Gato Libre is a different beast altogether. Tamura is the leader here, and Fujii plays accordion throughout; they’re joined by guitarist Kazuhiko Tsumura and bassist Norikatsu Koreyasu. Their music seems to emanate from many different parts of the planet and yet from none of them. I hear tango, flamenco, Eastern European folk melodies-all sorts of things-and yet no one song is a tango, is a flamenco. This is what makes Kuro so attractive. It all sounds so familiar-Spanish? Italian?-and somehow you can’t place its origins.

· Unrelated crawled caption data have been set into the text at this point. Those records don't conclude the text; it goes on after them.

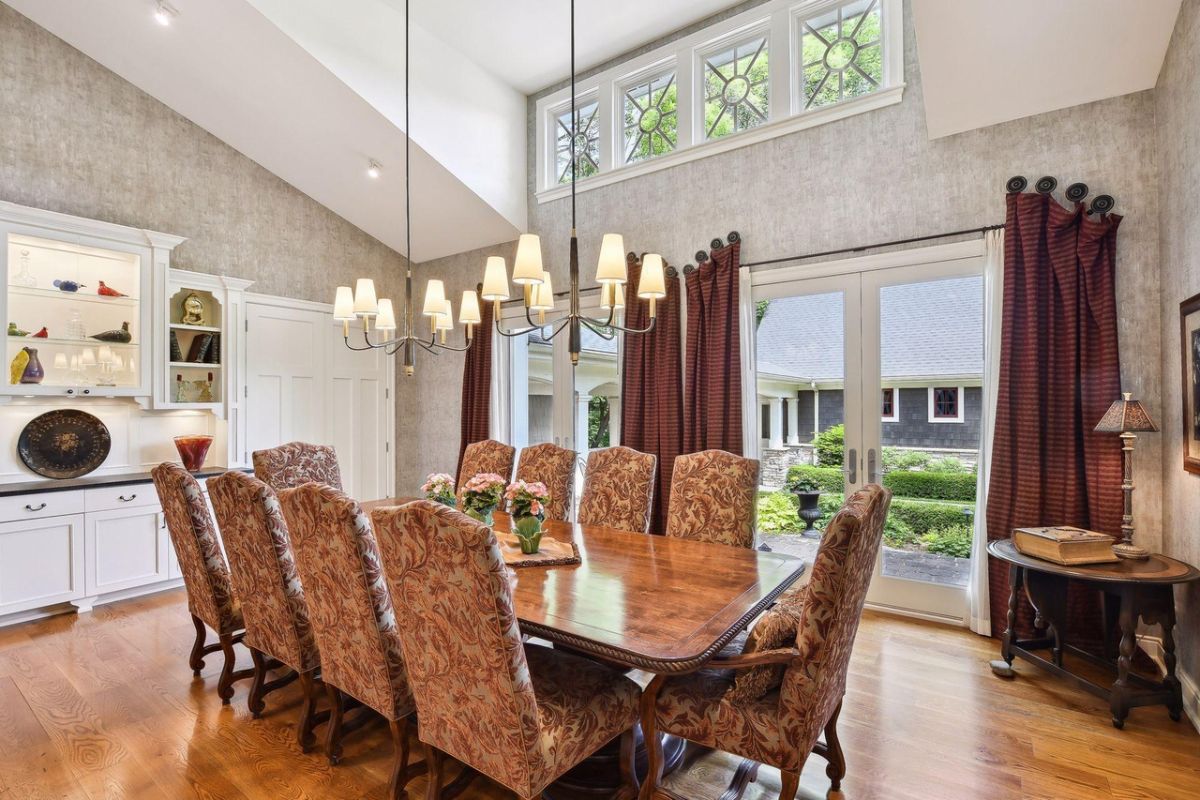 Dining room with custom lighting, wood flooring and a large wooden table.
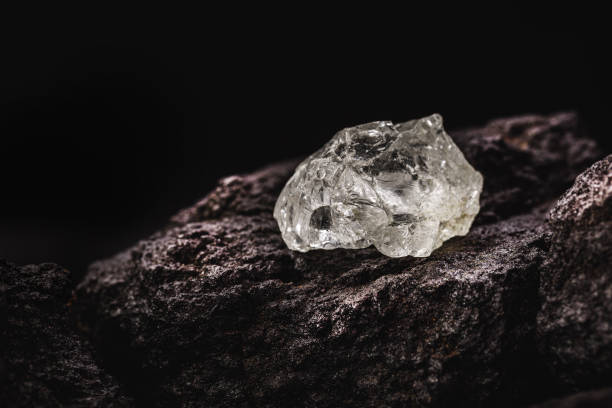 istock rough diamond on isolated black background, rare and precious mineral concept. 1321535483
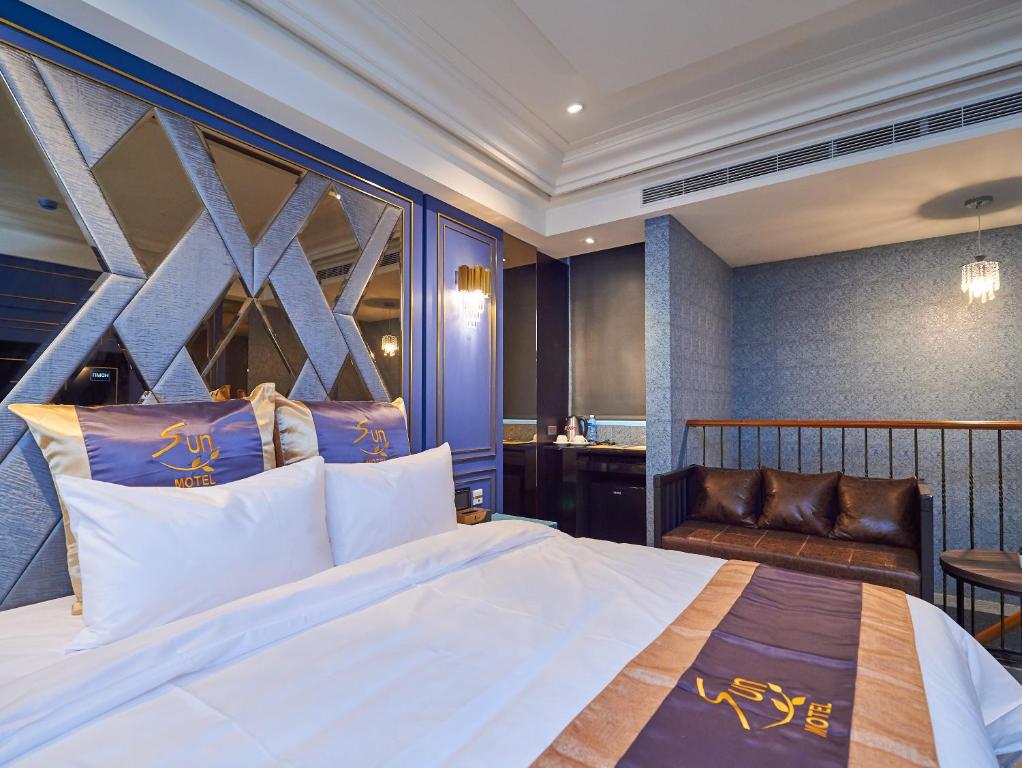 Postel nebo postele na pokoji v ubytování Sun Motel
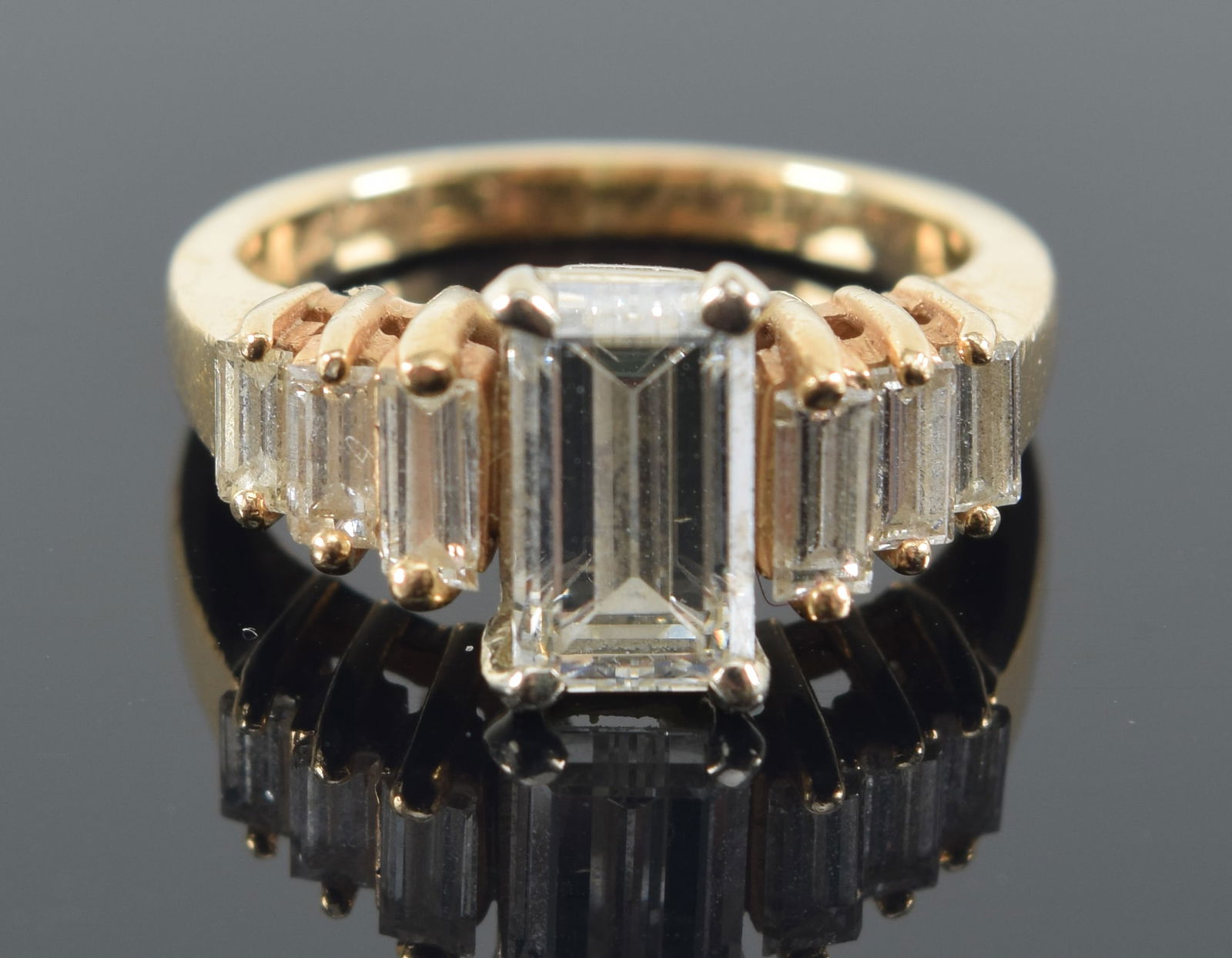 14K gold diamond mounted ring. Center emerald cut diamond approx. 1ct. 7.7 x 4.3mm. Flanked by 3 (1 of 7)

The compositions are all Tamura’s, so you haven’t heard them before. The musicians play with elegance and respect for the written form; the absence of percussion makes that all the more evident. The waltz “Patrol” is an interesting piece of writing, one where the lead voice alternates among trumpet, accordion and guitar from measure to measure. “Battle” has its participants gearing up for one, as they each make opening statements before waging war on one another, all in the name of improvisation. Elsewhere, there is nothing but loveliness. The closing title track is an exercise in creating simple beauty.
Dropping three albums in one day is no great accomplishment for someone like Satoko Fujii. Dropping three great albums like these-well, that’s another matter entirely. Keep them coming, Satoko.